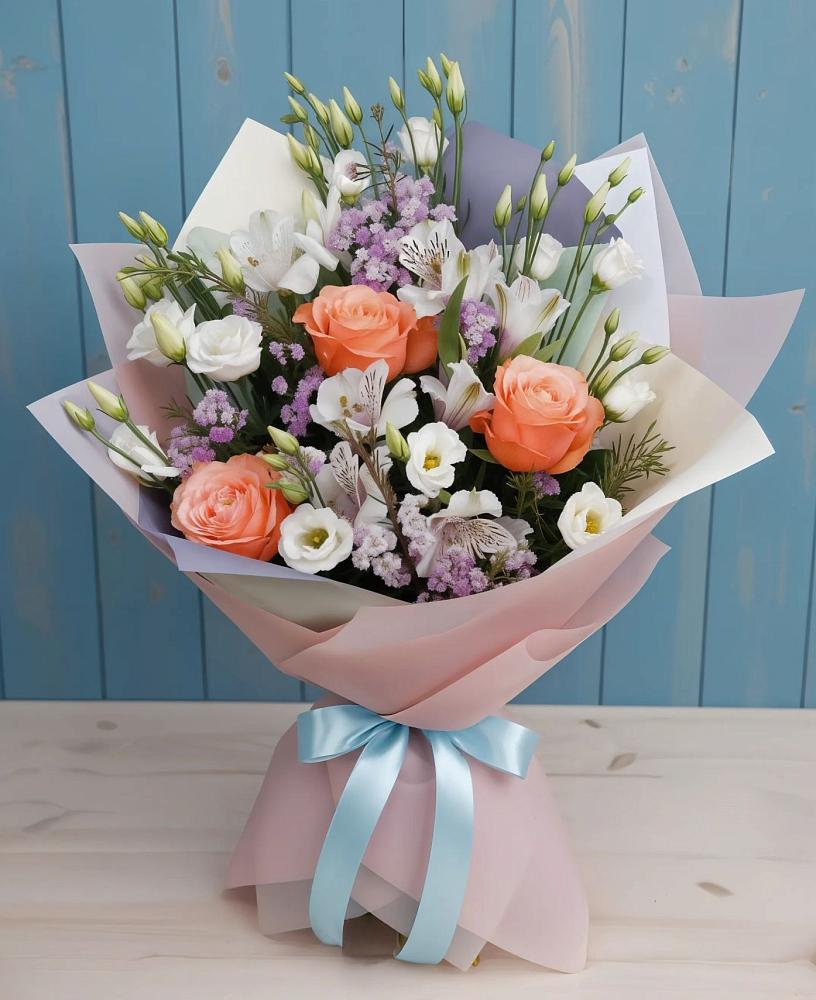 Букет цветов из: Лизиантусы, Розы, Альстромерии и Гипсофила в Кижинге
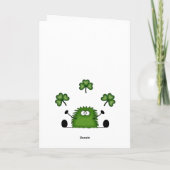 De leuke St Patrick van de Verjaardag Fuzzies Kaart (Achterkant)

○ ○ ○

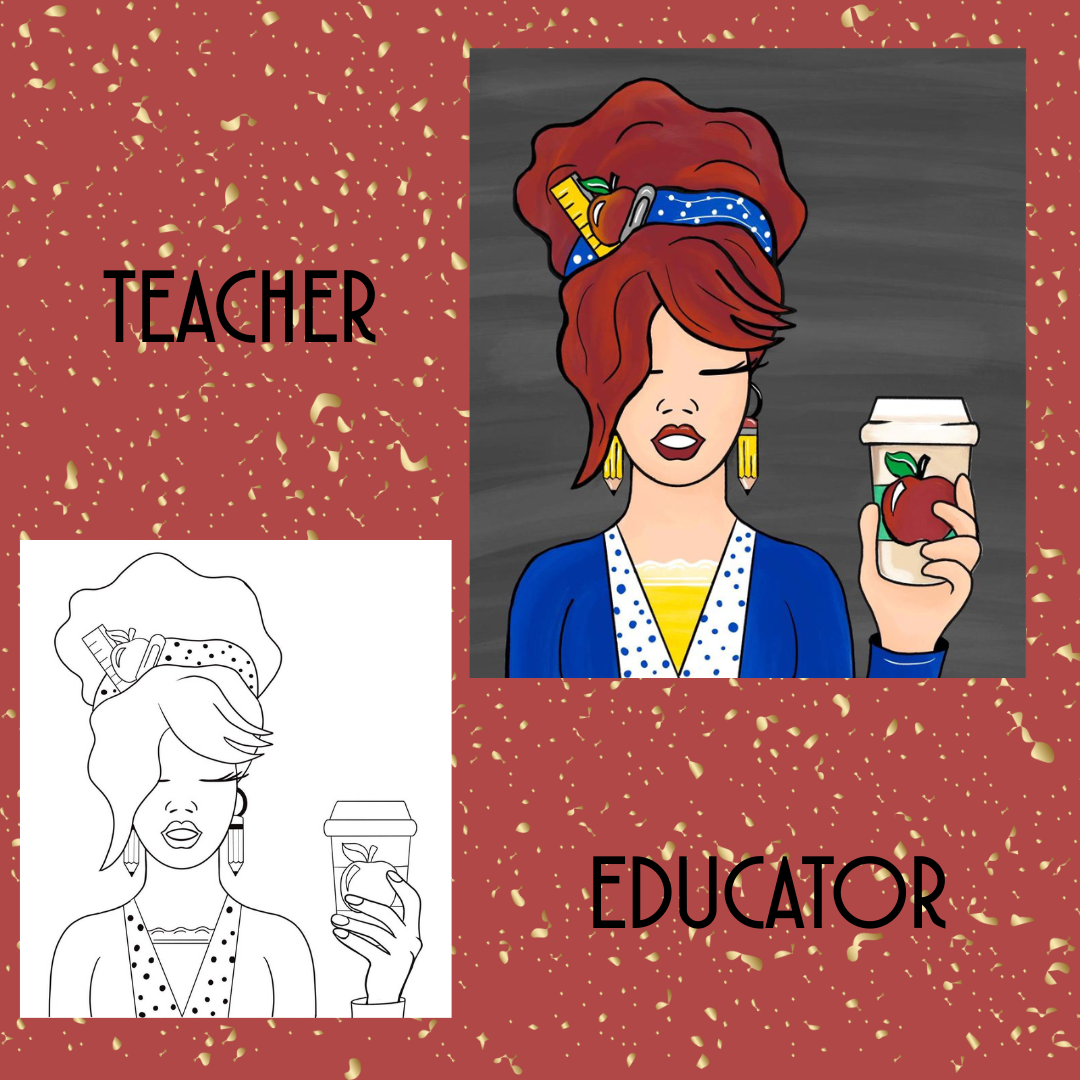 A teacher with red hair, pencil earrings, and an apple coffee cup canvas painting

○ ○ ○

Above is the material; set down exactly its lines from the one containing "Букет цветов из: Лизиантусы, Розы, Альстромерии" down to the one containing "De leuke St", both included, leaving out any pictures.

 Букет цветов из: Лизиантусы, Розы, Альстромерии и Гипсофила в Кижинге
 De leuke St Patrick van de Verjaardag Fuzzies Kaart (Achterkant)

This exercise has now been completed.